The Autorité des Marchés Financiers, France's market regulator, announced in January that it is launching an effort to modernize its system for monitoring market activity and enhance its ability to detect, analyze and investigate suspicious activity.

The new monitoring system, called ICY, will be based on "big data" technologies that will allow the AMF to quickly screen large amounts of data, the regulator said. This type of technology is needed due to the rise of algorithmic trading, which has contributed to higher message traffic and trading volume for exchange-traded products. The new system also will position AMF to receive and process new streams of data that will become available from January 2018 onwards, when the MiFID reporting requirements take effect.

The new system, which is being developed by Neurones, a consulting and IT services company based in Paris, will be gradually rolled out during the second half of 2017. Once the process is completed, the AMF said it will have significantly greater capacity to archive data and perform multi-variate analysis.
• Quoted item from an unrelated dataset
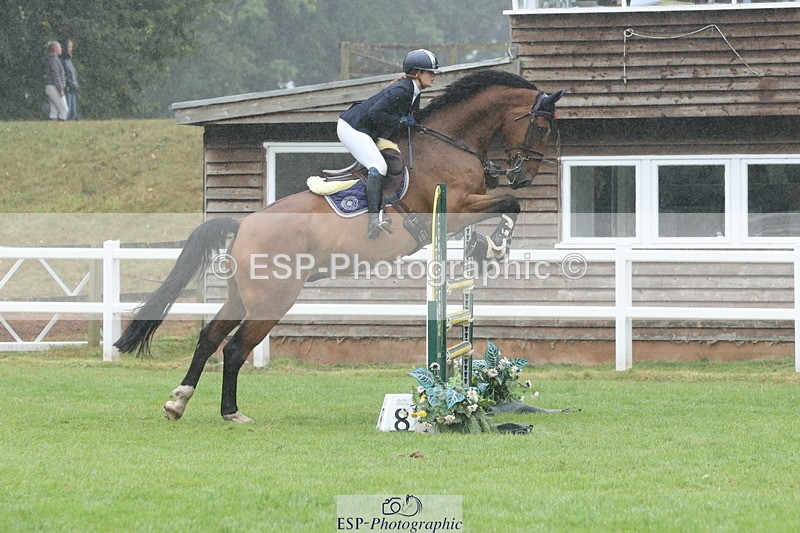 250830A-132408-06662 - Cls 16 Snr Newcomers and 1.10m Open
The regulator explained this will reinforce its ability to examine transactions in real time and improve the detection of market abuses through the use of artificial intelligence tools such as machine learning.

"Financial markets are increasingly automated and fragmented. In this environment, detecting insider trading and market manipulation requires sophisticated, innovative tools able to decrypt complex, unstructured data," noted Alexandra Givry, head of the regulator's market surveillance department. “ICY will enable the AMF to exploit the large amounts of available data and thus better execute its market surveillance and investigation activities. It will also strengthen its capacity to analyze market trends and the impact of regulation.”